The cylinder catches my attention – that is new. My fingers indent it, and I feel movement beneath its surface. Veins gently pulse under the outer membrane.
It could be an egg. Or the alien equivalent.
Is that what the craters were? Spawning areas? I command the drone to fly along the beach, away from the devastation I had caused, to a fresh area where indigenous life carries on. A kilometre away, worms are hopping down into craters, spinning in circles and throwing up dirt out of the crater. Some of the giants are still, curled around a few eggs and spraying a gel over the top of them.
My legs give out and I collapse to the ground, resting on the alien carcass behind me. Tears stream out of me, and wet the soil at my feet. The type of stomach pain that left me debilitated after the Tripods courses through again, tightening my intestines into knots. Flashes rip through my mind – Tripods lying dead in swathes with ulcerating sores all over their body.
“I’m gonna go check on Mosi.” Chanda’s voice streams through the implant. “You okay?”
I take a big breath in before transmitting. “Yeah. You go.”
“You sure? You don’t sound—”
“Go.”
My whole body shakes with sobbing. I try to lift my non-existent left hand to cup the other side of my face, forgetting it’s gone. I failed them all. The colonists, the indigenous life, and the committee.

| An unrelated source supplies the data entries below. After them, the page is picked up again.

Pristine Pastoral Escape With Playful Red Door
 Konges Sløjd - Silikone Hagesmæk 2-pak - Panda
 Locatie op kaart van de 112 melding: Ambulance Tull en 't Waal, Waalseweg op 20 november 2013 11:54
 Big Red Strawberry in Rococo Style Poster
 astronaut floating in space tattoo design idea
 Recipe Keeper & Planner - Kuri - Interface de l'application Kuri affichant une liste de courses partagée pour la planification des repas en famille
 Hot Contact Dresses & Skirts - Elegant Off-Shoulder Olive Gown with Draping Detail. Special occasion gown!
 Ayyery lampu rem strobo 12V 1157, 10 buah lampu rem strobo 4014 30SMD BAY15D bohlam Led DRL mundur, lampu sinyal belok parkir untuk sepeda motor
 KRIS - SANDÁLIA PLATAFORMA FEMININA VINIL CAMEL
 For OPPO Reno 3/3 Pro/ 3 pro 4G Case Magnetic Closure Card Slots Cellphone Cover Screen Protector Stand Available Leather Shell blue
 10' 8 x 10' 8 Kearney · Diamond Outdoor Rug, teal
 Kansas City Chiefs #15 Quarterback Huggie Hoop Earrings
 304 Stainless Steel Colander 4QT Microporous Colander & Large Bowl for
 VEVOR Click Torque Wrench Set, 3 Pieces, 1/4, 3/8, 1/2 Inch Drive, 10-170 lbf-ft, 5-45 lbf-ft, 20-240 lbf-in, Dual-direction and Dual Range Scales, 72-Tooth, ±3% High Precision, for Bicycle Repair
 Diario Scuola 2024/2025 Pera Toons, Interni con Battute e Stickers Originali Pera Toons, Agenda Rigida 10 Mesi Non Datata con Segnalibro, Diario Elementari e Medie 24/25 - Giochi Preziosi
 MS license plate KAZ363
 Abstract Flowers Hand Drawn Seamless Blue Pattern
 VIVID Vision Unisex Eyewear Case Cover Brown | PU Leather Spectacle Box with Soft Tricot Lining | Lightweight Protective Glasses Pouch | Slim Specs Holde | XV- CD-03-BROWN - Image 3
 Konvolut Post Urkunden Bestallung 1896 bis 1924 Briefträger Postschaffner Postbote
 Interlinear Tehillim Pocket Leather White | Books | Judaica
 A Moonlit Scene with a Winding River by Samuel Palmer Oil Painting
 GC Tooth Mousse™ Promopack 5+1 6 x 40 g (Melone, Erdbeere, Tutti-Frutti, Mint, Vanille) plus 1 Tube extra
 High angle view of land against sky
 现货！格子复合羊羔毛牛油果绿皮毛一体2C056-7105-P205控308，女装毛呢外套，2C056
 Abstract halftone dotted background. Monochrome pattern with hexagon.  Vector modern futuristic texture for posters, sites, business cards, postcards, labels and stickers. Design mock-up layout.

I take a big breath, rub my tears away, and wipe my hand on the suit. I order two wheeled robots to come help me. I need to find out if these things think. Dissecting a dead one would help because where there’s a brain-analogue, there’s thinking, and where there’s thinking, there’s sentience. But even if I prove it, we could still accidently wipe them out, like our Staphylococcus did to the Tripods.
The robots arrive.
I falter.
I cancel my order and send them back.
Pain in my abdomen eases, and then washes away completely. In this case, what I don’t know can’t hurt me, and no one will check my work. Chanda is right – we need to hurry up, and it’s all too late now anyway. I open the ship’s database, and mark the newly identified worm species as: confirmed non-sentient.